Tenho amigos jornalistas que são obcecados por investigar, outros por explicar, há aqueles que estão mais preocupados com o texto, e ainda gente que cuida dos dados, das visualizações, da tecnologia em torno da coisa toda como se fosse um filho. Minha obsessão há dois anos é encontrar modelos de negócio sustentáveis. Por mais relevante que seja uma iniciativa, ela não se sustenta se não obtiver receita/recursos.

Os exemplos citados aqui e tantos outros lançados recentemente ainda precisam passar por esse teste de médio e longo prazo. O bom é que estão surgindo modelos de negócio (ou de receita) cada vez mais claros. Os novos empreendedores do jornalismo brasileiro não têm mais vergonha de buscar financiamento para suas iniciativas do próprio leitor — embora ainda estejam em geral fornecendo conteúdo gratuito.
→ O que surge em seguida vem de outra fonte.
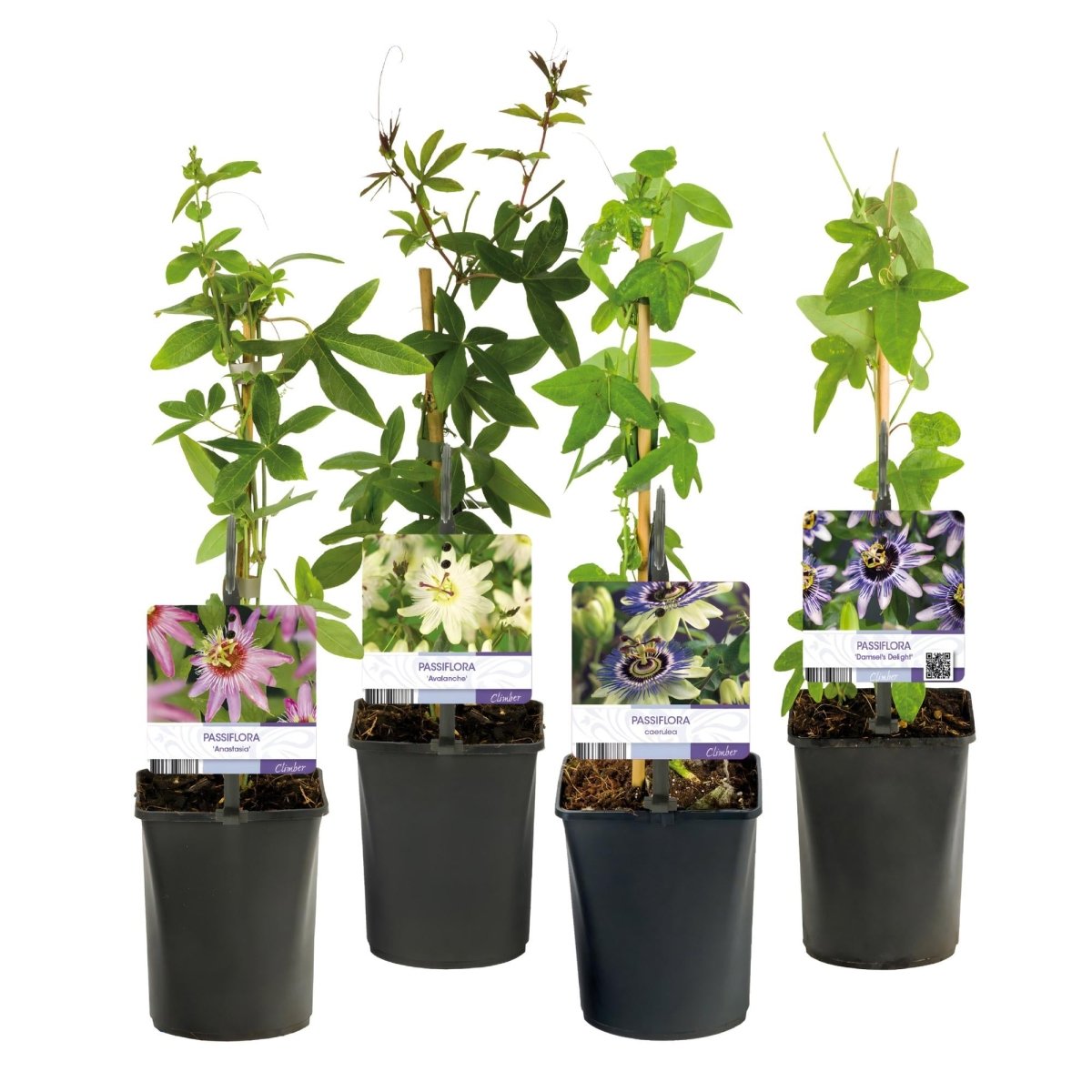 Passionsblume Passiflora Rainbow | Rosa - Weiß - Lila - Grün Blüten – 4 Pflanzen - Wurzelwerk Design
Essas três que deram show durante a cobertura do impeachment já têm fontes de receita bem definidas:

  • O Nexo foi lançado no final de novembro do ano passado. Inicialmente, todo o conteúdo que publica é aberto — o objetivo é construir uma audiência. Mas o modelo de receita é baseado em assinaturas, que já podem ser feitas, inclusive. Resta saber quando o jornal digital vai se considerar pronto para apertar o botãozinho para limitar seu conteúdo a não assinantes.
  • A Lupa está incubada na editora Alvinegra, responsável pela publicação da revista Piauí, e deve permanecer assim pelos próximos três anos — o investimento é do publisher João Moreira Salles, mas há total independência editorial entre as duas publicações. Nesse período, a Lupa pretende alcançar a sustentabilidade a partir da venda de checagens para outros meios de comunicação (já fizeram isso para a Globo News, por exemplo).
  • O Aos Fatos realizou um crowdfunding recentemente em que arrecadou cerca de R$ 30 mil para dar o pontapé inicial da iniciativa, digamos assim. A expectativa da fundadora Tai Nalon é fazer crowdfundings semelhantes anualmente. Além deles, o financiamento será por parcerias editoriais (como já fizeram com o UOL) e aportes de fundações e iniciativa privada.

São tempos interessantes para o jornalismo independente brasileiro, não? Agora é torcer para que essas e outras iniciativas não só continuem fornecendo conteúdo jornalístico de qualidade e inovando em suas coberturas como também consigam fazer as fontes de receita sustentar os projetos.

Se você lembrar de alguma iniciativa com um modelo de negócio inovador, por favor, comente esse texto. Vou ter prazer em discuti-la.